Relational and technical-procedural tools

– Active listening and identification with the client’s narration – both verbal and physical.

– Open, closed or reflexive questions to gather data and contextualize the feedback information;

– Highlighting key concepts and words;

– Positive and constructive feedback, selection of the key elements to focus on;

– Metaphors, visualizations, imagination.

– Rephrasing the client’s verbal contents through the consideration/paraphrase of his emotional and relational experiences;

– Recap and synthesis to improve comprehension;

– Narrative, expressive, artistic and physical tools.

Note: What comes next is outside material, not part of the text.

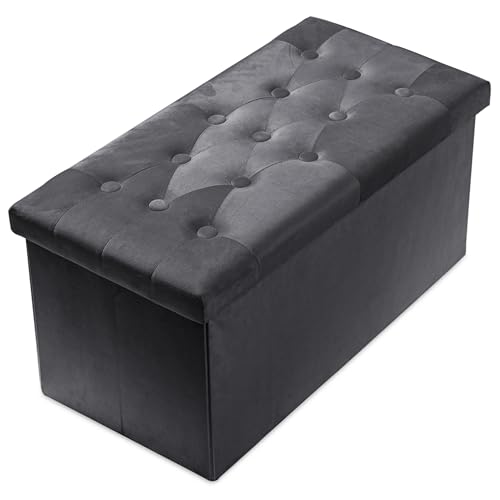 PRANDOM Extra Large Ottoman with Storage [1-Pack] Velvet Folding Small Square Foot Stool with Lid for Living Room Bedroom Coffee Table Dorm Dark Grey 30.5x15x15 inches - color: Dark Grey, size: 30"D x 15"W x 15"H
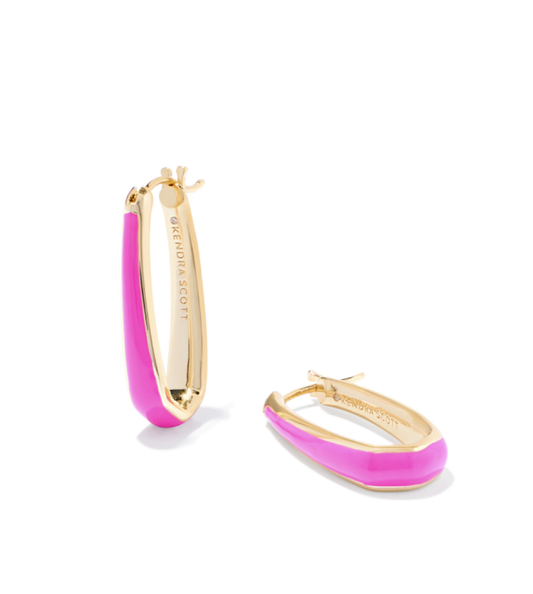 Kelsey hoop earring gold pink enamel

– Interdisciplinary, innovative and creative tools.

– Possible “homework”.

– Goal-achievement evaluation tools.

 

3) Closing stage (1-3 meetings)

The duration of the process’ closing or conclusive stage, just like the initial one, can vary according to the consciousness level the client has reached, the quality of the relationship built between the counselor and the client, the type of mutual feedback on the process, the change-reinforcement goal and the client’s sustainable independence in relation to the initial request.

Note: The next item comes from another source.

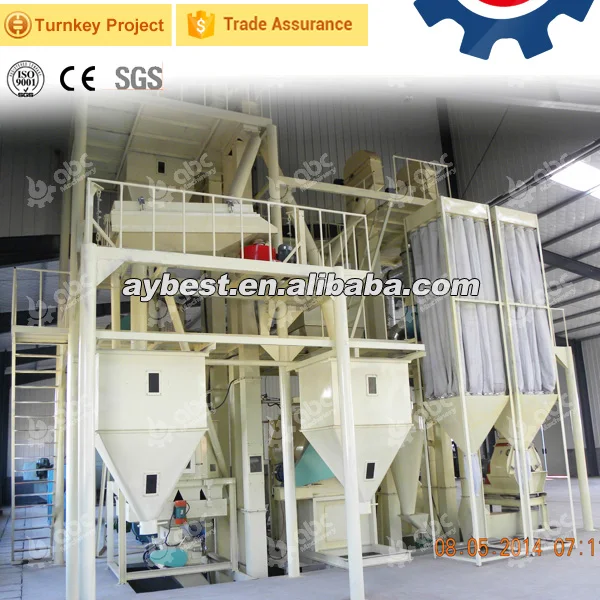 3TPH Large Scale Turnkey Type Animal Feed Pellet Production Line Poultry Feed Mill Plant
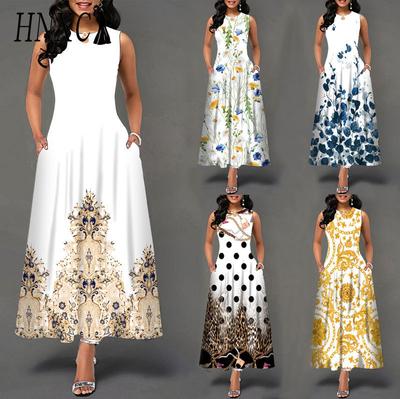 48 Farieb Nové Dámske Voľné Vintage Kvetinové Volánové Šaty Befree Šaty Veľký Letný Večierok Tielka Elegantné Maxi Šaty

It is necessary, furthermore, to take into account that the “closing” is not just the third stage – the final one – of the process, it may regard any single meeting as part of the three stages and it requires a specific care when it’s time to leave, with a personal specific pace and method.

Even the concept of mutual feedback and monitoring the job that has been done together should be extended to every stage and every meeting of the process, as a moment of analysis and “vision”, not only of the contents but of the counselor/client relationship as a whole, too. In addition to that, let’s keep in mind how important and necessary an adequate appreciation is of the possible results – minor and major – along the entire process, not only the final meetings.

It could also be necessary to manage possible “closings” out of the process due to interruptions – mutual or not – caused by, individually or mutually, the client and the counselor.

 

Goals

– The counselor shall make sure that the process lead to an improved well-being and life quality for the client.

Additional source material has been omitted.